There was a knock at the door at the other end of the house. He thought at first he was hearing things, but there it was again. Dog, bowl empty, went very still and alert for a second, then began barking for all he was worth. A knock at the door was more excitement than he’d seen for months.
He opened the door, realising as he did so that he was stark naked. Ha, he thought. If it’s that pregnant sheila, she can write me into one of her stories. But it wasn’t her; it was a man. It took him a moment to realise who it was standing in the shade of the bit of iron roofing over the door, stepping back at the sight of Tom without a stitch on.
‘I can come back later,’ said James.
‘Bugger me backwards. What the fuck are you doing here?’
‘I wanted to talk to you about Rose, and the baby.’
‘So it is yours, you mongrel. I see you Mancini blokes are still taking your responsibilities seriously then.’
James let out some air. Nervous, are you, young fella? thought Tom. You should be. Dog growled at his ankle.
‘Dad’s been dead a long time now. Rosie just wants things nice and calm so she can look after her baby.’
‘What do you think I’m gonna do to it?’
‘I’m sure you’d never do anything to a child. I just don’t want her to have to worry.’
‘Look, sunshine. I don’t know what she’s been telling you. I don’t go round interfering with people’s kids, unlike some I could mention. Now fuck off before I throw you in the river.’
James put his hands in the air, a piss-weak gesture of surrender in Tom’s opinion, and scuttled off his verandah back in the direction of his old man’s place. He couldn’t keep up with that woman and her gentleman callers.
So, Mancini was dead. No one had told him, but then he didn’t suppose anyone round here knew. Not like they’d be keeping in touch with the old crowd. Maybe he would keep his appointment. He was out in front already now, by a long way it seemed. He hoped it had been something nasty and slow and de
meaning. It made Tom feel positively cheerful, for a man who was quite possibly off to hear his own death sentence.
After dressing, he came out of the house and saw Kane starting up his little fibreglass dinghy down the end of Mancini’s wharf. It gave him great pleasure to stride along the jetty, in full view of the little scumbag’s lounge room, and ask Kane for a lift. ‘No worries,’ Kane said. ‘Hop in.’

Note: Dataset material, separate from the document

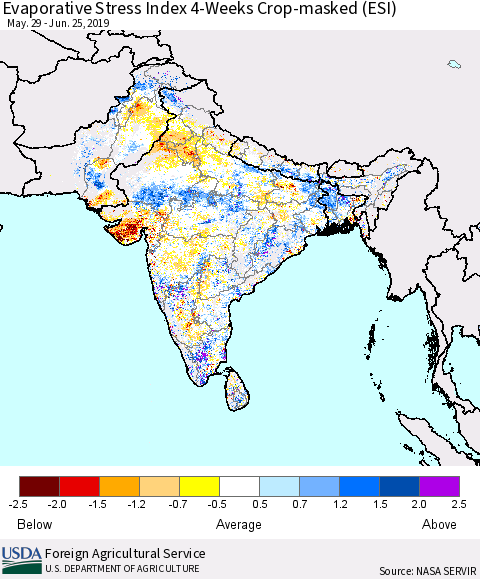 Southern Asia Evaporative Stress Index (ESI), 4-Weeks over Croplands Thematic Map For 6/24/2019 - 6/30/2019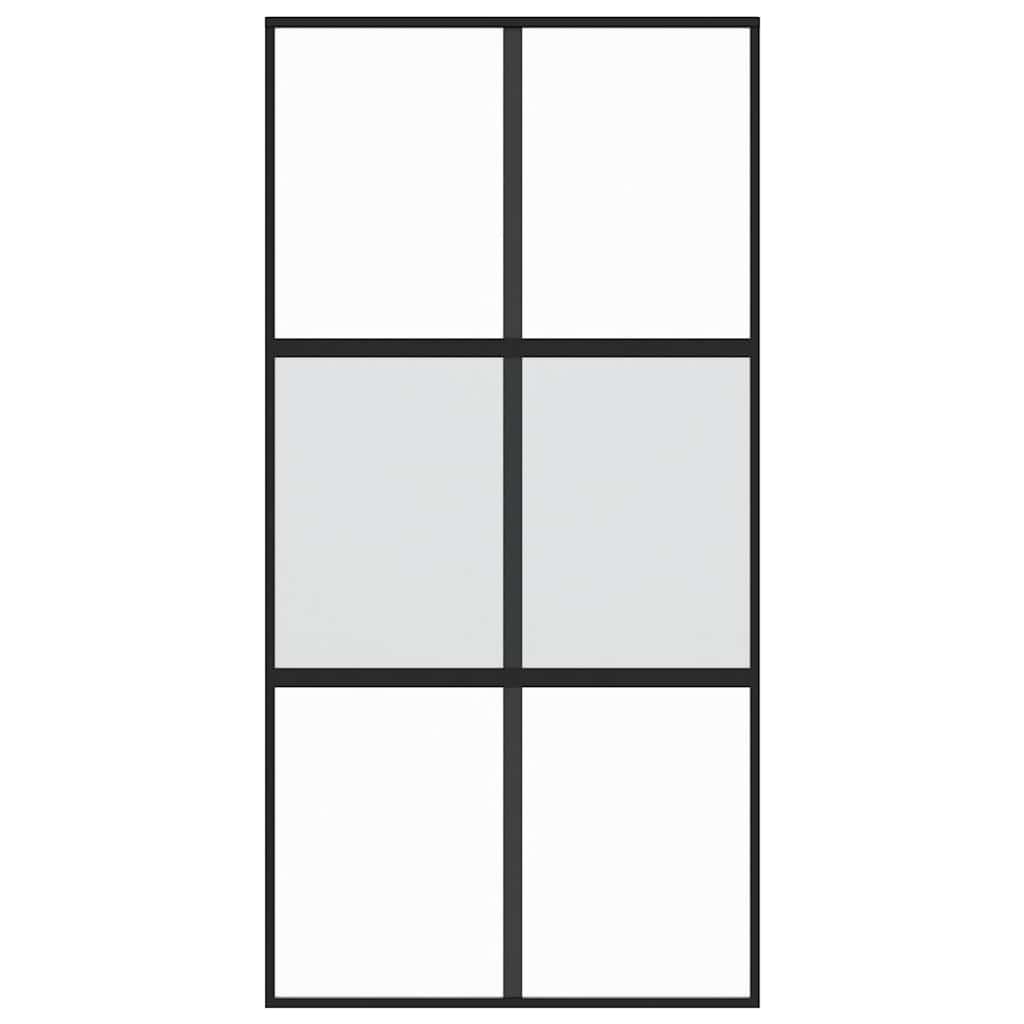 Vidaxl schuifdeur 102,5x205 cm gehard glas en aluminium zwart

‘So,’ Tom ventured as the small boat with its load of two men and a dog made its slow journey across the wide river. ‘Not worried about the return of the old man, then?’
Kane appeared to have settled into a comfortable little post-pot haze as he steered the boat in the vague direction of the opposite shore. He stared out over the water, didn’t seem to have heard. ‘What?’ he muttered after a moment.
‘The bloke that knocked your bird up. He’s back in the house. Thought you’d have seen him, way you mope around that place.’
Kane turned his watery gaze on Tom. ‘I thought he was out of the picture.’
‘She’s certainly an enigma, that young lady of yours. That’s for sure.’
‘She’s not like that,’ Kane said, turning the handle to full throttle. The boat sputtered along marginally faster.
Dear oh dear, thought Tom. What have I started now? He reflected on what an eventful morning it had been so far. With all these promising signs, maybe the news at the doctor’s wouldn’t be so bad after all.
It had taken Danny the best part of the afternoon to clean out Alf’s shed. It was a job Alf only seemed to remember at New Year, so it had been a while, and Alf was not an orderly man. He seemed to use the boatshed not only as a place to clean and fix boats and keep parts but, judging by the porn mags, TV and rotting sofa and blankets in one corner, as a little hovel away from home as well. There was also a bar fridge full of little surprises: the usual mouldy cheese and soft carrots, but also a layer of gristly grease along the racks inside that made Danny gag. And that was before he’d got to the horrors of the toilet.